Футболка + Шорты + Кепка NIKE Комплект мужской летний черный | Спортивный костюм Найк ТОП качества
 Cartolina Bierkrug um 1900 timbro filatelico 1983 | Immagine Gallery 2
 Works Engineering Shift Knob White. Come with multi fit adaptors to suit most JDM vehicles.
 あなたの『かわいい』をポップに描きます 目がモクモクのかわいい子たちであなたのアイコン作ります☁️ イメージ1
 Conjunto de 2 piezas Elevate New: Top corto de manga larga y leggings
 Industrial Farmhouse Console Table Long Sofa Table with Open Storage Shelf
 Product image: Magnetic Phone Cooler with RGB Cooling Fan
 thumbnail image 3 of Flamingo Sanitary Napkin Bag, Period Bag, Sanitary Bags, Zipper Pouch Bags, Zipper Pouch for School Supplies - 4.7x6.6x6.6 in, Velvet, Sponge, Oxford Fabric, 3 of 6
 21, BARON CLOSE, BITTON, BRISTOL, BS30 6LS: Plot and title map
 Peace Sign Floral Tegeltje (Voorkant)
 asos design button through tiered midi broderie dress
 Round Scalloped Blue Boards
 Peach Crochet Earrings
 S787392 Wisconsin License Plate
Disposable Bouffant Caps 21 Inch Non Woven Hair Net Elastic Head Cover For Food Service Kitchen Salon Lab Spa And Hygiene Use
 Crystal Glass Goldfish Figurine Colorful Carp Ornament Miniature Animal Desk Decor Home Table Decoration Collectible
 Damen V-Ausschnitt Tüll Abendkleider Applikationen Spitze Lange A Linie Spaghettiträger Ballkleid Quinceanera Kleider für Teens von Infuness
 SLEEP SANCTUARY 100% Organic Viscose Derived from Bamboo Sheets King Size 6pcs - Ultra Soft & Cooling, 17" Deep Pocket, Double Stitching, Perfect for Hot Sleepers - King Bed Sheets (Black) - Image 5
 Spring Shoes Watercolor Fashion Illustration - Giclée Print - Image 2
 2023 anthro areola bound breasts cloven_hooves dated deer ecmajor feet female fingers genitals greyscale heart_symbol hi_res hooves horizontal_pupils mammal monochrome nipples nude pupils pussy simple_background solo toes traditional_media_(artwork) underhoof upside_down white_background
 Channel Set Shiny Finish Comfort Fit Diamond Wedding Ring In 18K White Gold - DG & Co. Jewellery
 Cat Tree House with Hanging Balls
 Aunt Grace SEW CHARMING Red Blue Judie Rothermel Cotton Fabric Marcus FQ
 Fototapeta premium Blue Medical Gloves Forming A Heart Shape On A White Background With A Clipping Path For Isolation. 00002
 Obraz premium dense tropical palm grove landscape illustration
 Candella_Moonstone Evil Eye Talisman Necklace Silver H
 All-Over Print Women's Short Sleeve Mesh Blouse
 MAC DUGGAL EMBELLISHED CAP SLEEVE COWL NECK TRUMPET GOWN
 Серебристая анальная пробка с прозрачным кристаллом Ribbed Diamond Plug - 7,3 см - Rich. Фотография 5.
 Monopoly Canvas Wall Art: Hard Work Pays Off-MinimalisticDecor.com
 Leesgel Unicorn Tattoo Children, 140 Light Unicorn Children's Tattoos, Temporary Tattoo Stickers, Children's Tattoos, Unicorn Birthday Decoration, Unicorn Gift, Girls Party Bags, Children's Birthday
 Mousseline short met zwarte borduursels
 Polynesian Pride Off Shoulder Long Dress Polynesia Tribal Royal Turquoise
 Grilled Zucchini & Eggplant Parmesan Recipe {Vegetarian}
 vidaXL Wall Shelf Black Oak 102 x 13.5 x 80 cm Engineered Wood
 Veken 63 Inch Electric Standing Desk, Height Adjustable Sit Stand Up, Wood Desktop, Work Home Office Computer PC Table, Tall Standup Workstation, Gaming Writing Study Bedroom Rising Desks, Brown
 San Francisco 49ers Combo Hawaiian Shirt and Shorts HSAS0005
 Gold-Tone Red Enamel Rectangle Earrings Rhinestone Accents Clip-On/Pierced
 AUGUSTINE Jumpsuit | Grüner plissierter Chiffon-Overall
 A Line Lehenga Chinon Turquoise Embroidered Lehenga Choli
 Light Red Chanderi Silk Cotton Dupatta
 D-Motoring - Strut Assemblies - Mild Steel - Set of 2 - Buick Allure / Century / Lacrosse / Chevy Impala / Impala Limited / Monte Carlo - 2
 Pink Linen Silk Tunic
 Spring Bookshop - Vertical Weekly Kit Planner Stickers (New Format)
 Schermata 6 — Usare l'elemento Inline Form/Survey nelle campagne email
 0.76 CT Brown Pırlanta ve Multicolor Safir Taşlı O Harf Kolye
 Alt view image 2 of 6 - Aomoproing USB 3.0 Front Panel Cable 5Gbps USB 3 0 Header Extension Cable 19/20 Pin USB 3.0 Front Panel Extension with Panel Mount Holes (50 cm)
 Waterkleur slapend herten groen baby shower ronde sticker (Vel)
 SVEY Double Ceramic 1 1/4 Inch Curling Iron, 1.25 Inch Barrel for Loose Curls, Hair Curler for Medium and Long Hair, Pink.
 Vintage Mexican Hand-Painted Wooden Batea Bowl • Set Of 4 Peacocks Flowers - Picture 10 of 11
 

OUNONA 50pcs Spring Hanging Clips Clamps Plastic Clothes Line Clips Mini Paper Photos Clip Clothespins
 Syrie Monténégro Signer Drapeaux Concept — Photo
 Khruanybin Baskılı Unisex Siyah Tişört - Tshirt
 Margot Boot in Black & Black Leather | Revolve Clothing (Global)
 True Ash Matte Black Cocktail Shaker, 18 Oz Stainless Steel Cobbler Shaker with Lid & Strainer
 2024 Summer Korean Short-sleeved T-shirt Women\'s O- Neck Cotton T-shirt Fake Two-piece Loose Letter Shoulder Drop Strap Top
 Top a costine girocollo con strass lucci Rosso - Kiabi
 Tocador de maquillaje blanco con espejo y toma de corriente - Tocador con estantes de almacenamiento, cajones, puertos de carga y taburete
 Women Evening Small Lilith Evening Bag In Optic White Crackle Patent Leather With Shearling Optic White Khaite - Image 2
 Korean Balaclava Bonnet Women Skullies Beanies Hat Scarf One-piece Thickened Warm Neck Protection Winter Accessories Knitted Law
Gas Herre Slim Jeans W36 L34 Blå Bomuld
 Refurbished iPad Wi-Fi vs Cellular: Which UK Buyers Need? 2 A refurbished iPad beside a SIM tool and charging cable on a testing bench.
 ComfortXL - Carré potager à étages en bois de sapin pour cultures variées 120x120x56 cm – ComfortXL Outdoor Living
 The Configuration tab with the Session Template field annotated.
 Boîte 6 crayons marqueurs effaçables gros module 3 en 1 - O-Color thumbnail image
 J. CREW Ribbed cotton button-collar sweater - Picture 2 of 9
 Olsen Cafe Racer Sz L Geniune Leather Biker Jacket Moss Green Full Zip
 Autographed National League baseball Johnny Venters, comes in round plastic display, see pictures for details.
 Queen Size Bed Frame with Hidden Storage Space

☆ ☆ ☆ ☆

» Your goal: Exactly the lines from the one holding "J. CREW Ribbed" through the end of the records above are to be returned, and nothing else.

» Solution:
 J. CREW Ribbed cotton button-collar sweater - Picture 2 of 9
 Olsen Cafe Racer Sz L Geniune Leather Biker Jacket Moss Green Full Zip
 Autographed National League baseball Johnny Venters, comes in round plastic display, see pictures for details.
 Queen Size Bed Frame with Hidden Storage Space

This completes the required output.